The overall objective of this study was to investigate the vector competence of three common sub-Saharan tick species (R. (B) decoloratus, R. appendiculatus and A. hebraeum) and their potential roles in the epidemiology of LSD. This was achieved by testing for persistence of LSDV in ticks and its subsequent transmission to recipient animals following interrupted feeding, transstadial and transovarial development of the ticks. The over-wintering of LSDV was also investigated during transstadial passage in A. hebraeum and transovarial passage in R. (B) decoloratus.
During the study, seven cattle were artificially infected with LSDV to serve as source (donors) of infection to ticks. To test for mechanical / intrastadial transmission and persistence in ticks, adult ticks (A. hebraeum and R. appendiculatus) were partially fed on donor animals and then transferred to recipient animals or collected for testing. To test for transstadial transmission/passage, nymphal stages of A. hebraeum and R. appendiculatus were fed on donor animals until they engorged and dropped. Engorged nymphs were incubated to moult to adults. The emergent adults were placed on recipient animals and also tested for the virus. To test for transovarial transmission and passage R. (B) decoloratus (one- host tick) larvae were fed on donor animals until engorged adults. For R. appendiculatus and A. hebraeum (three-host ticks), adults were fed to repletion on the donor animals. Engorged females were collected and incubated to lay eggs and the eggs were allowed to hatch. The emergent larvae were placed to feed on recipient animals to test for transovarial transmission, while larvae were tested for the presence of the virus.
Over-wintering of LSDV in ticks was tested by transstadial passage in A. hebraeum and transovarial passage in R. (B) decoloratus under fluctuating reduced temperatures, simulating wintery climatic conditions. Engorged A. hebraeum nymphs and R. (B) decoloratus females were infected by intracoelomic injection.

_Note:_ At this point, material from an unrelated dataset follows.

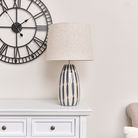 Blue and Cream Hand Painted Table Lamp with Linen Shade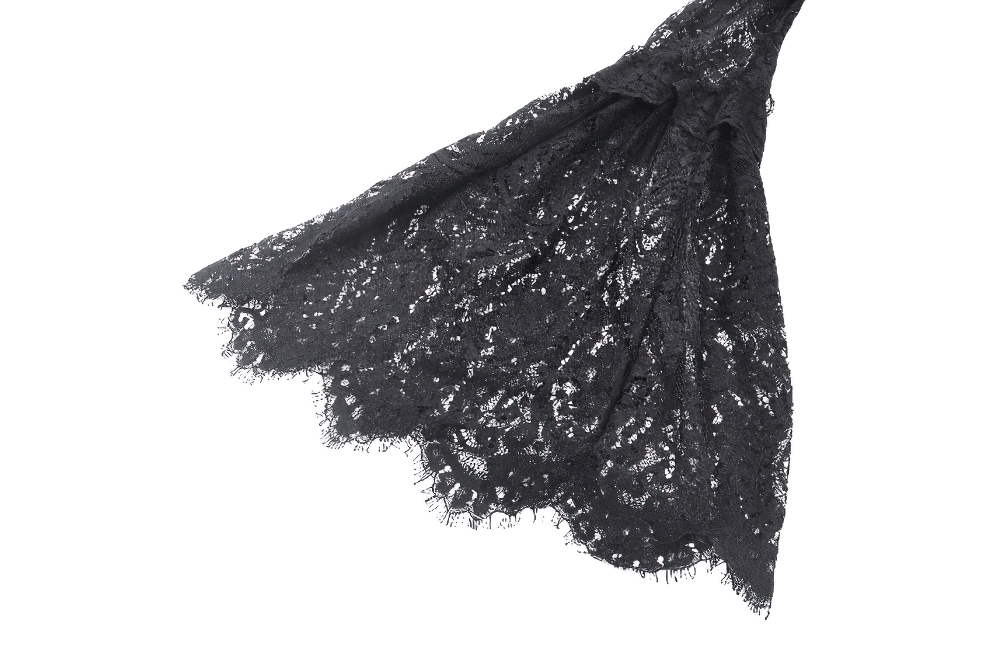 Gothic Lace Dress with Heart Cutouts and Ruffled Details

The presence of the virus in LSDV- infected animals was tested by real-time PCR, virus isolation (VI), and the serum neutralisation test (SNT). Tick saliva was tested by real-time PCR and VI while ticks were tested by immunohistochemistry, transmission electron microscopy, VI and real-time PCR.
Mechanical/intrastadial and transstadial transmission is reported in A. hebraeum and R. appendiculatus. Transovarial transmission was reported in A. hebraeum, R. appendiculatus and R. (B) decoloratus. The virus was demonstrated in saliva and tick organs of A. hebraeum and R. appendiculatus adults following both mechanical/intrastadial and transstadial persistence. Transovarial passage of LSDV was demonstrated in R. (B) decoloratus, R. appendiculatus and A. hebraeum larvae. The virus also persisted through cold temperature exposure during transstadial passage in A. hebraeum and transovarial passage in R. appendiculatus.
This study confirms the vector competency of A. hebraeum, R. appendiculatus and R. (B) decoloratus ticks for LSDV. It also shows the potential for LSDV to over-winter in ticks and demonstrates that LSDV may persist in ticks during inter-epidemic periods.